About the Chef
Former Executive Chef at BONDST Miami and Chef de Cuisine at Le Cirque in New York City, Andy Choi helms the kitchen at CHERRY as the Executive Chef, bringing years of experience and a dynamic approach to this exclusive kitchen. Chef Choi brings to CHERRY the same innovative approach and classical technique that he has developed through his career working in these illustrious kitchens throughout New York City.
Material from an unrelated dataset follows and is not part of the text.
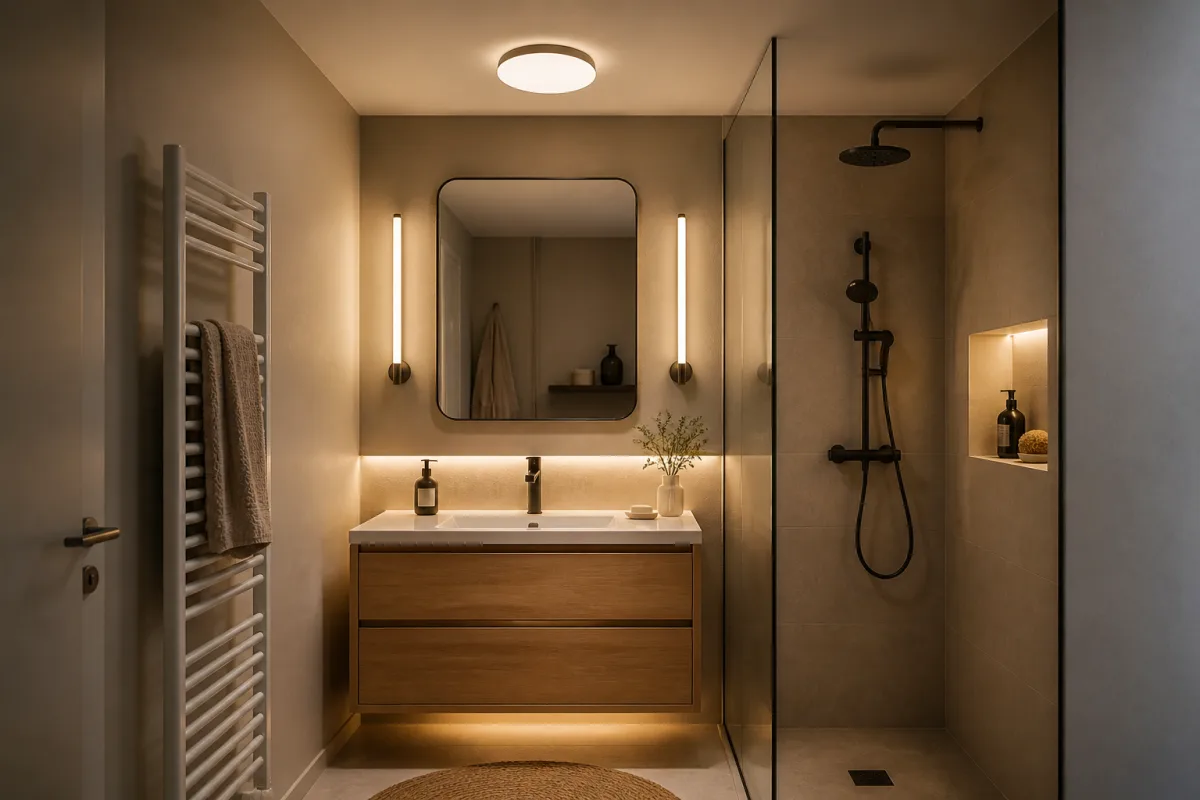 Vue en coupe stylisée d’un éclairage de salle de bain indiquant plafonnier, appliques miroir et ruban LED avec zones IP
"Fusion" is not always the buzz word you want to hear when talking about chicken wings, but this recipe gives the word a delicious reason to exist. With a sauce made from Korean red pepper paste and bacon drippings, these wings are a "fusion" worth trying.
- 12 chicken wings
- Canola oil for frying
- 1 1/2 Cup rice flour
- 1/2 Cup water
- 2 Tablespoon salt
- 1 Tablespoon ground black pepper
- Andy Choi's Wing Sauce (recipe below)
- Toasted sesame seeds and thinly sliced scallions to garnish Andy Choi's Wing Sauce
- 1 Cup Gochujang (Korean red pepper paste)
- 1/2 Cup rendered bacon fat or drippings
- 1/2 Cup seasoned rice wine vinegar
- 2 scallions, chopped
- 1/2 Cup water
- 2 Tablespoon sesame oil
Puree all wing sauce ingredients together in a blender until they form a smooth, thick liquid. Heat oil to 300 degrees in a deep, heavy, four-quart pot (test with an oil thermometer). Don't fill pot more than halfway with oil.
Mix water with one cup of rice flour and whisk vigorously. Add salt and pepper and set aside. Take the remaining 1/2 cup of rice flour and coat the chicken wings evenly. Coat wings thoroughly in the water and rice flour mixture. Carefully place wings into the hot oil using metal tongs. Cook for 8-10 minutes, stirring occasionally. Remove wings and drain on a cooking rack over paper towels and let sit for 1 hour.
Increase oil heat to 350 degrees. Re-coat the chicken wings in flour and water mixture and fry for 5 minutes until super crispy. Put wings into a large mixing bowl and toss with one cup of sauce. Sprinkle with sesame seeds and sliced scallion to garnish.